Durante dos días más subieron y escalaron rocas y glaciares, sobrecogidos por tanta belleza.

—¡Arthur!— gritó Ford de repente.

Era la tarde del segundo día. Arthur estaba sentado en una roca alta, viendo cómo el mar rompía estrepitoso contra los escarpados promontorios.

—¡Arthur!— volvió a gritar Ford.

Arthur miró en la dirección de donde venía la voz de Ford, debilitada por el viento.

Ford había ido a explorar un glaciar, y Arthur lo encontró en cuclillas junto a una pared maciza de hielo azulado. Vibraba de emoción; levantó rápidamente los ojos hacia Arthur.

—¡Mira— dijo—, mira!

Arthur miró y vio una pared maciza de hielo azulado.

—Sí— dijo—, es un glaciar. Ya lo había visto.

—No— dijo Ford—; lo has mirado, pero no lo has visto. Mira.

Ford señalaba a las profundidades del hielo.

Arthur miró; no vio nada, salvo sombras vagas.

—Retírate un poco— insistió Ford—; vuelve a mirar. Arthur se apartó y miró de nuevo.
— Nada— manifestó, encogiéndose de hombros—. ¿Qué es lo que tengo que ver?

Y, de pronto, lo vio.

—¿Lo ves?

Lo vio.

Abrió la boca para hablar, pero su cerebro decidió que aún no tenía nada que decir y volvió a cerrarla. Entonces, su mente empezó a luchar con el problema de lo que sus ojos le decían que estaba viendo, pero al hacerlo perdió el control de la boca, que en seguida volvió a abrirse. Una vez más, al retener la mandíbula, su cerebro perdió el dominio de la mano izquierda, que empezó a moverse sin sentido de un lado para otro. Durante un segundo más o menos, su mente trató de dominar la mano izquierda sin perder el control de la boca, al tiempo que intentaba pensar en lo que estaba enterrado en el hielo, razón por la cual le cedieron las piernas y cayó tranquilamente al suelo.

Lo que produjo todos esos trastornos neuronales era una red de sombras en el hielo, a unos cuarenta centímetros de profundidad.
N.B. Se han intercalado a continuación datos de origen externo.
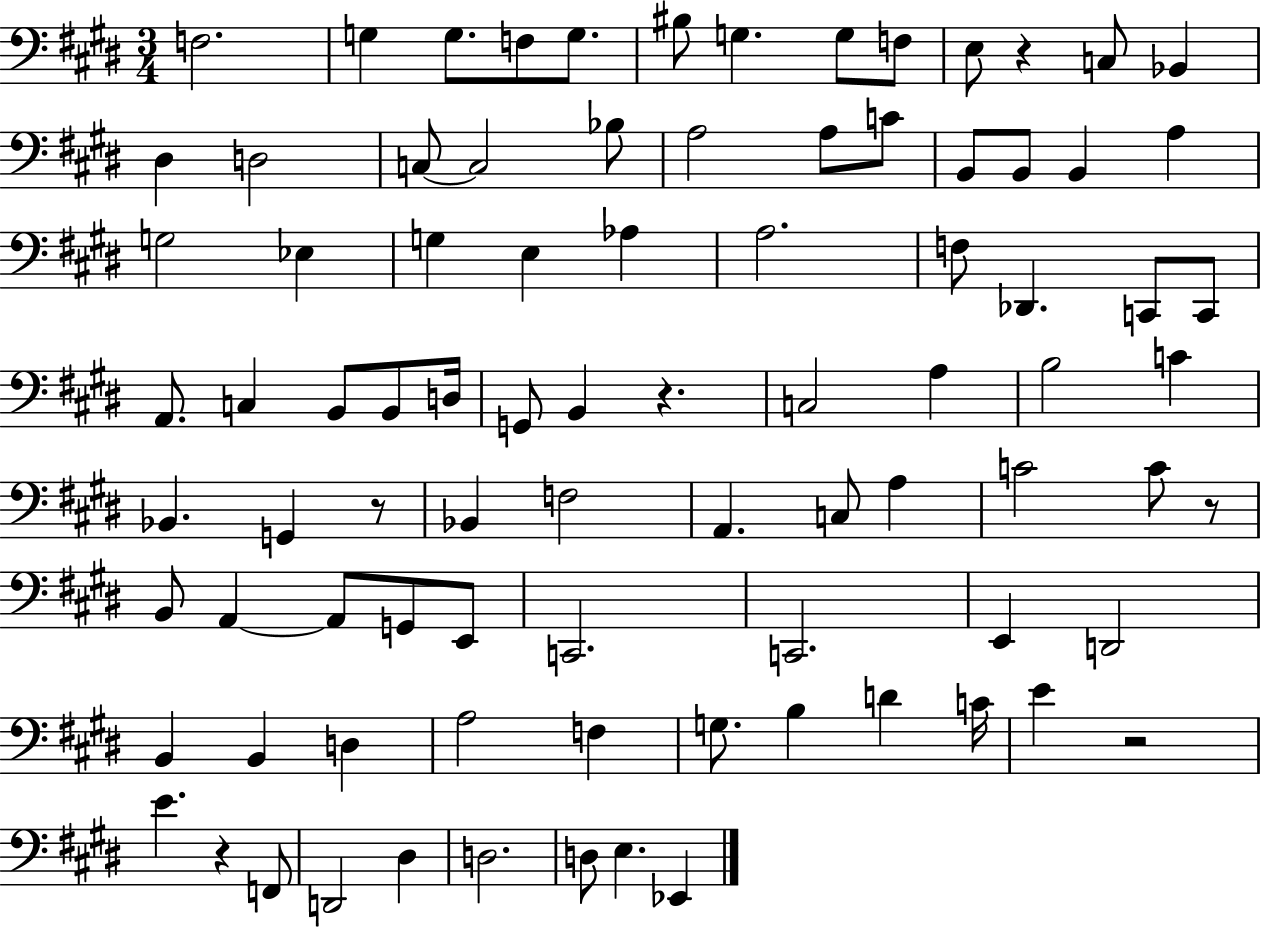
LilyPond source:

{
  \clef bass
  \numericTimeSignature
  \time 3/4
  \key e \major
  f2. | g4 g8. f8 g8. | bis8 g4. g8 f8 | e8 r4 c8 bes,4 | \break dis4 d2 | c8~~ c2 bes8 | a2 a8 c'8 | b,8 b,8 b,4 a4 | \break g2 ees4 | g4 e4 aes4 | a2. | f8 des,4. c,8 c,8 | \break a,8. c4 b,8 b,8 d16 | g,8 b,4 r4. | c2 a4 | b2 c'4 | \break bes,4. g,4 r8 | bes,4 f2 | a,4. c8 a4 | c'2 c'8 r8 | \break b,8 a,4~~ a,8 g,8 e,8 | c,2. | c,2. | e,4 d,2 | \break b,4 b,4 d4 | a2 f4 | g8. b4 d'4 c'16 | e'4 r2 | \break e'4. r4 f,8 | d,2 dis4 | d2. | d8 e4. ees,4 | \break \bar "|."
}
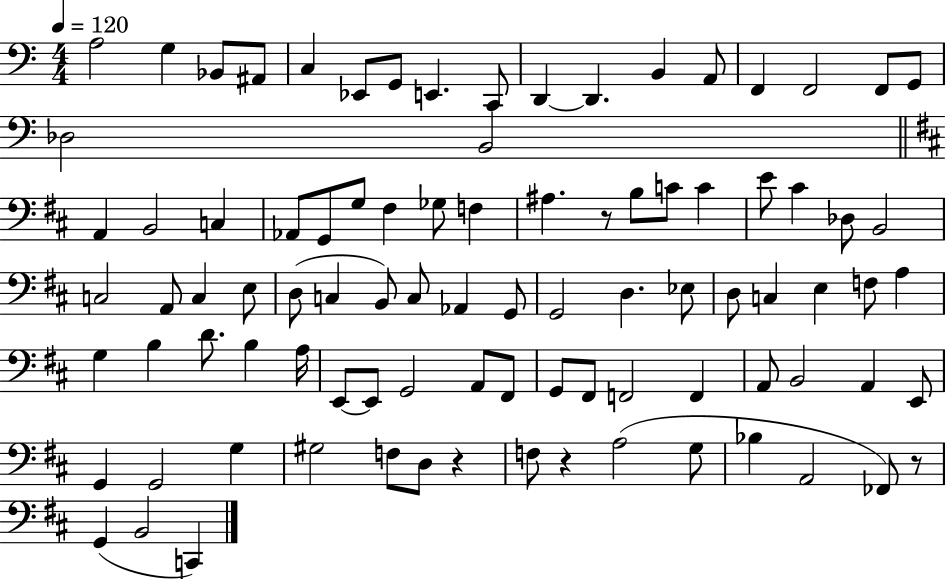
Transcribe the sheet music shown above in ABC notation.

X:1
T:Untitled
M:4/4
L:1/4
K:C
A,2 G, _B,,/2 ^A,,/2 C, _E,,/2 G,,/2 E,, C,,/2 D,, D,, B,, A,,/2 F,, F,,2 F,,/2 G,,/2 _D,2 B,,2 A,, B,,2 C, _A,,/2 G,,/2 G,/2 ^F, _G,/2 F, ^A, z/2 B,/2 C/2 C E/2 ^C _D,/2 B,,2 C,2 A,,/2 C, E,/2 D,/2 C, B,,/2 C,/2 _A,, G,,/2 G,,2 D, _E,/2 D,/2 C, E, F,/2 A, G, B, D/2 B, A,/4 E,,/2 E,,/2 G,,2 A,,/2 ^F,,/2 G,,/2 ^F,,/2 F,,2 F,, A,,/2 B,,2 A,, E,,/2 G,, G,,2 G, ^G,2 F,/2 D,/2 z F,/2 z A,2 G,/2 _B, A,,2 _F,,/2 z/2 G,, B,,2 C,,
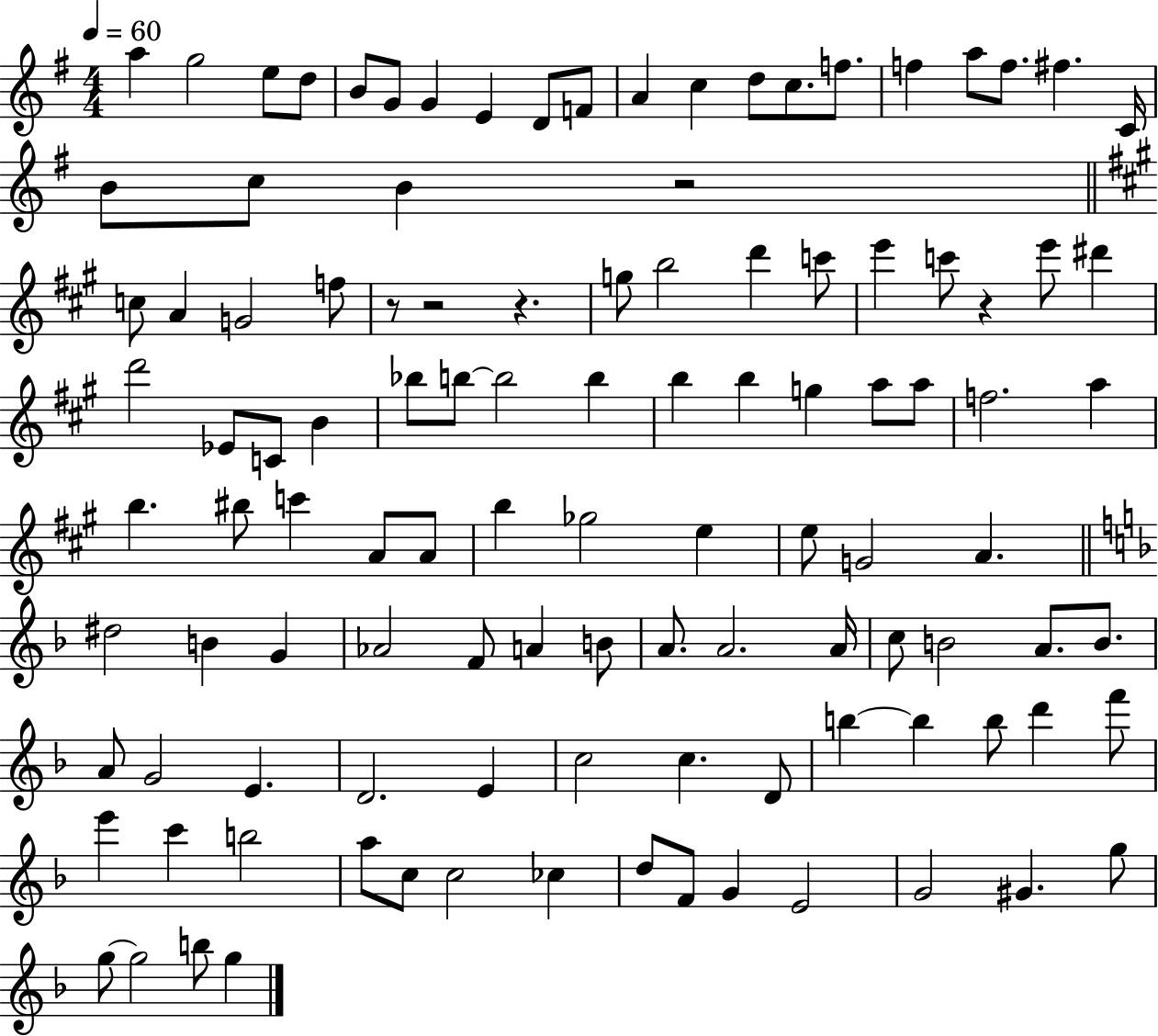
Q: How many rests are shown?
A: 5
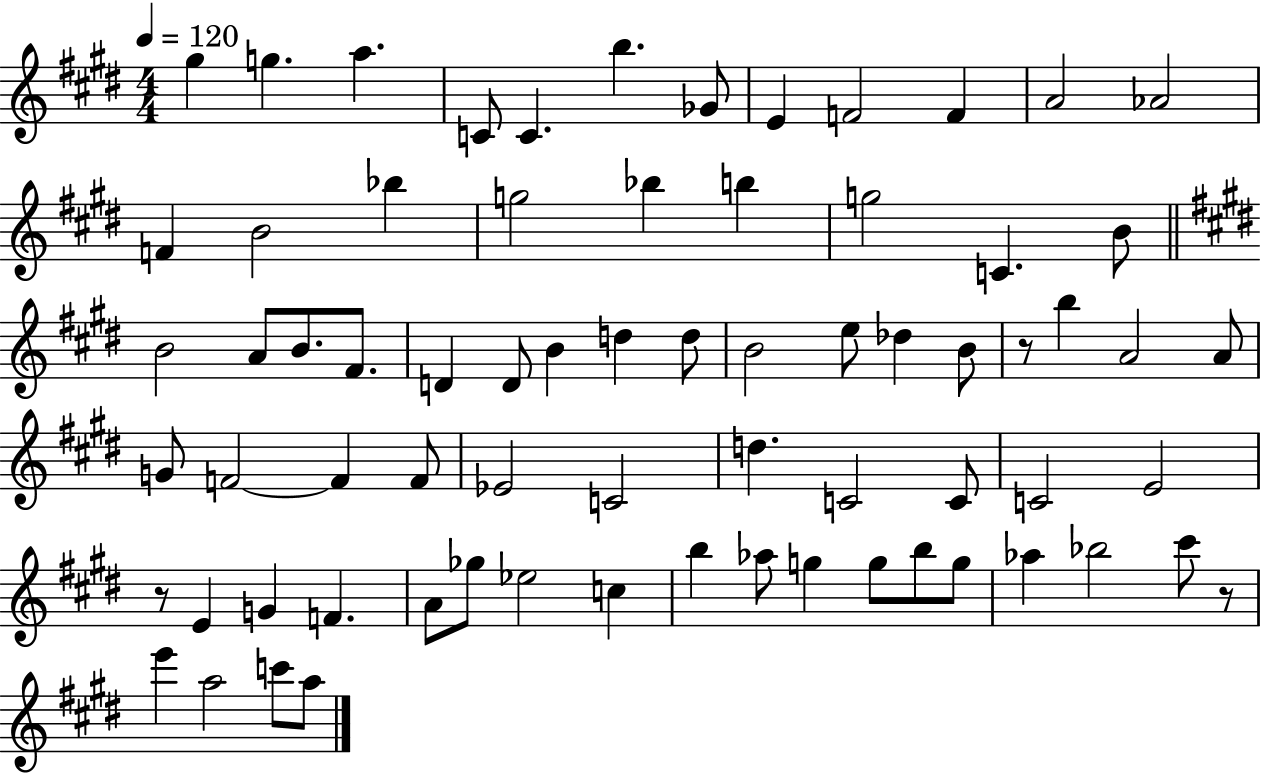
G#5/q G5/q. A5/q. C4/e C4/q. B5/q. Gb4/e E4/q F4/h F4/q A4/h Ab4/h F4/q B4/h Bb5/q G5/h Bb5/q B5/q G5/h C4/q. B4/e B4/h A4/e B4/e. F#4/e. D4/q D4/e B4/q D5/q D5/e B4/h E5/e Db5/q B4/e R/e B5/q A4/h A4/e G4/e F4/h F4/q F4/e Eb4/h C4/h D5/q. C4/h C4/e C4/h E4/h R/e E4/q G4/q F4/q. A4/e Gb5/e Eb5/h C5/q B5/q Ab5/e G5/q G5/e B5/e G5/e Ab5/q Bb5/h C#6/e R/e E6/q A5/h C6/e A5/e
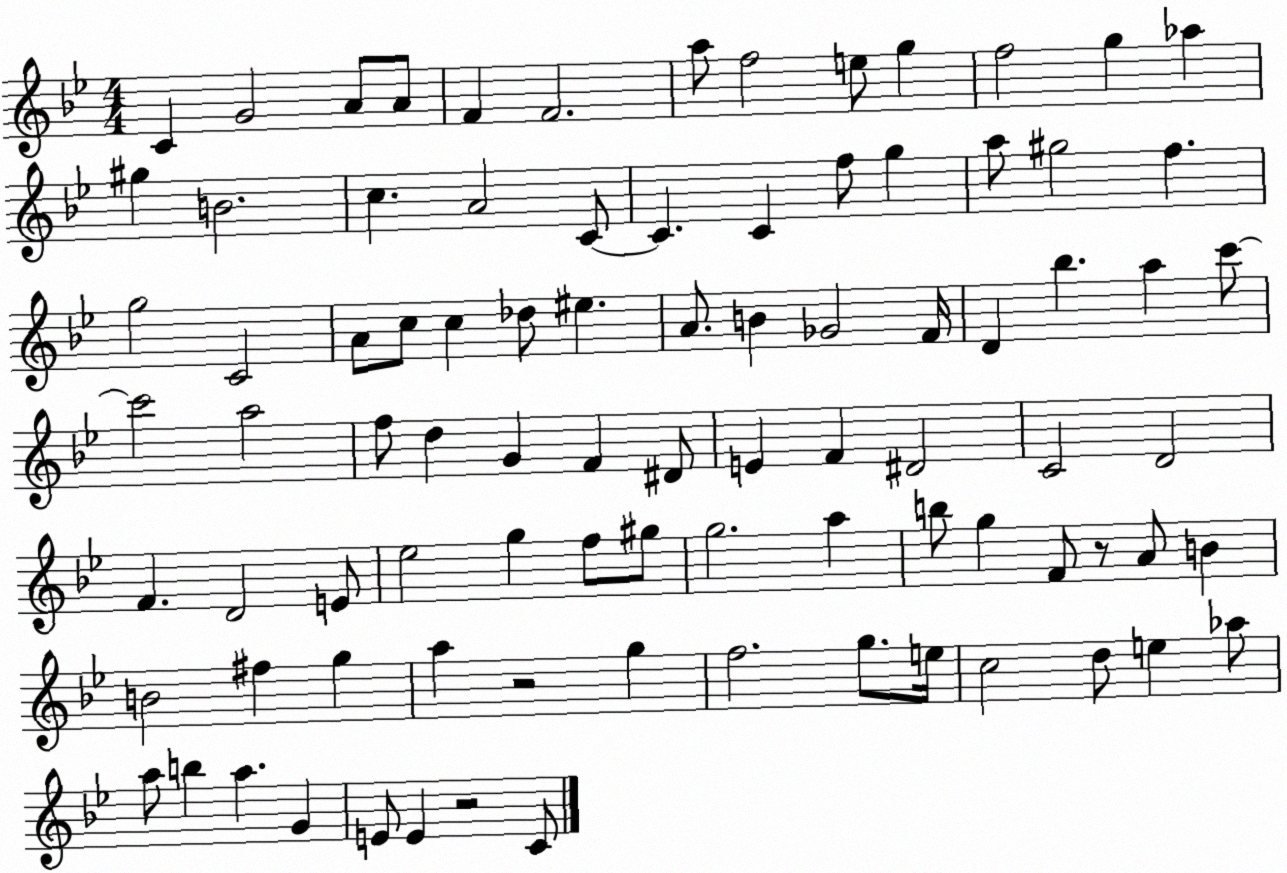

Miradas desde cierto ángulo, se resolvían claramente en contornos de letras de un alfabeto extraño, de unos noventa centímetros de longitud; y para aquellos que, como Arthur, no sabían leer magratheano, encima de las letras se veía el óvalo de una cara flotando en el hielo.

Era un rostro viejo, enjuto y distinguido, cargado de ansiedad pero no severo.

Era el rostro del hombre que había ganado un premio por diseñar la línea costera que, ya seguros de su nombre, ahora pisaban.